Trotz des zurückhaltenden Auftritts bleibt die Hornet auf der Straße nicht unbeachtet. Während des Tests in Südfrankreich avanciert sie immer wieder spontan zum Gesprächsthema – ob an der Tankstelle, mitten im Feierabendverkehr auf einer Kreuzung oder oben am Pass. Besonders eindrücklich bleibt ein Moment, als ein eher direkt veranlagter Franzose mich mit zwei Fragen überrumpelt, die so schlicht und schnörkellos sind wie die Hornet selbst: "Do you like it? Is it good?" Zu einem einfachen Ja oder Nein lasse ich mich aber nicht direkt hinreißen …

Was manch einem designtechnisch uninspiriert oder gar langweilig erscheinen mag, spiegelt in Wahrheit exakt das Credo der Hornet-Familie wider: die Reduktion auf das Wesentliche. Und was könnte bei einem Naked Bike wesentlicher sein als der Motor? Genau der dürfte – zusammen mit dem höchst attraktiven Grundpreis von unter 10 000 Euro für die Basis-Hornet – der wichtigste Grund für das rege Interesse unserer französischen Zweiradfreunde sein. Mit kernigem Röcheln erwacht der aus der Fireblade SC77 übernommene, für den Landstraßeneinsatz gezähmte Superbike-Vierzylinder zum Leben.

Gezähmte Wildheit oder wilde Zähmung

Gezähmt ist relativ, denn nicht nur akustisch macht dieser Antrieb aus seiner Herkunft keinen Hehl. Im Gegensatz zu seinem Supersport-Derivat verzichtet der Vierzylinder aber auf Schmiedekolben und Titanventile, opfert etwas Maximaldrehzahl und reduziert die Spitzenleistung mit geänderten Steuerzeiten zugunsten von mehr Drehmoment im unteren und mittleren Drehzahlbereich. Die Leistungsausbeute bleibt beachtlich: 157 PS bei 11.000 Touren gibt Honda für die CB 1000 Hornet SP an, auf dem Prüfstand messen wir lediglich eine Pferdestärke weniger. Die Basis-Hornet soll ohne Auspuffklappe und SP-Mapping auf 152 PS kommen. Zum Vergleich: Die alte CB 1000 R, die beim Top-Test als Referenz dient, hat mit dem domestizierten SC59-Motor auf dem Papier sechs und auf der Rolle neun PS weniger.
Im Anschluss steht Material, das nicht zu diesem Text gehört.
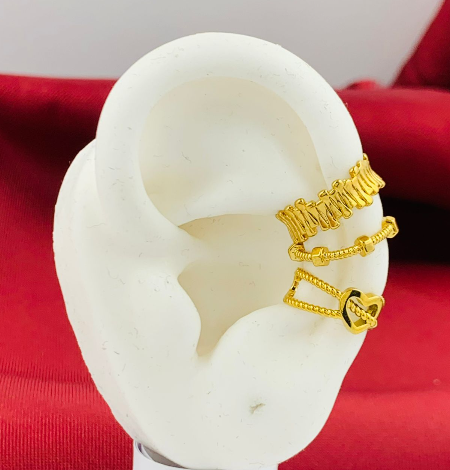 EARCUFF TRIO 3 OROS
Neuer Motor vs. alter Motor

In der Praxis sind die Unterschiede zwischen alt und neu zwar mess- und spürbar, die größten Kritikpunkte des bisher stärksten Naked-Bike-Motors von Honda konnten die Ingenieure aber nicht ganz ausmerzen. An den Leistungs- und Drehmomentkurven gut ablesbar: Im untertourigen Bereich liegen Alt und Neu gleichauf. Noch immer zeigt sich im Drehmomentverlauf im landstraßenrelevanten Bereich zwischen 4.000 und 5.500 Umdrehungen ein leichter Knick. Darüber wacht der Hornet-Motor so richtig auf, überflügelt sein CB 1000 R-Pendant deutlich und zeigt im weiteren Verlauf ein gleichmäßigeres Drehmoment-Plateau.
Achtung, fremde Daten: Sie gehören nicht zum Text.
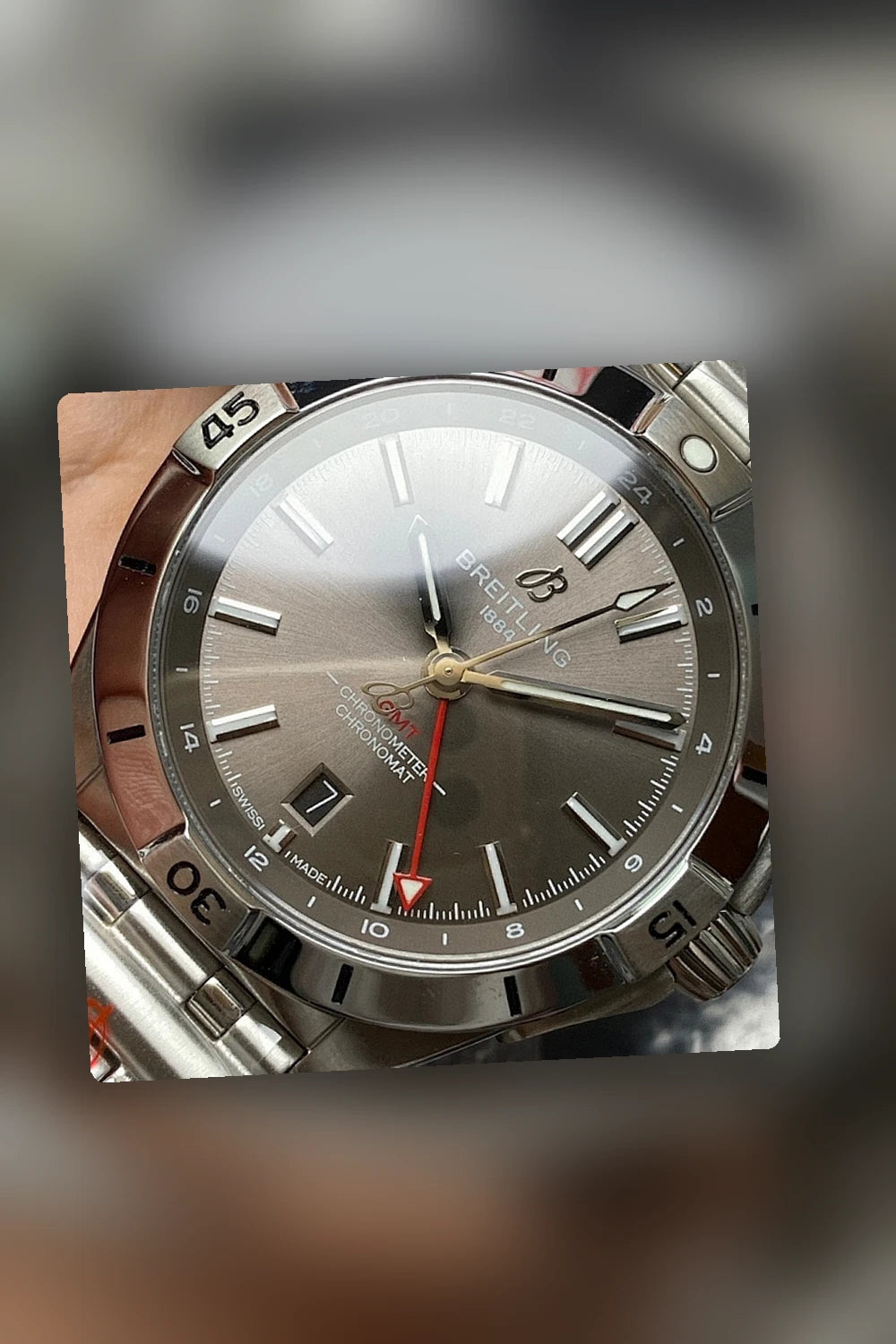 NB - Mix Watch - 400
Wer Schub sucht, muss schalten

Damit gilt allerdings nach wie vor: Wer von mächtigem Tausender-Schub profitieren will, muss den Motor bei Laune halten. Auf der Landstraße bedeutet das viel Schaltarbeit, die dank exzellent arbeitendem Quickshifter und knackigem Getriebe mit kurzen Wegen und schönem, mechanischem Feedback immerhin viel Freude bereitet.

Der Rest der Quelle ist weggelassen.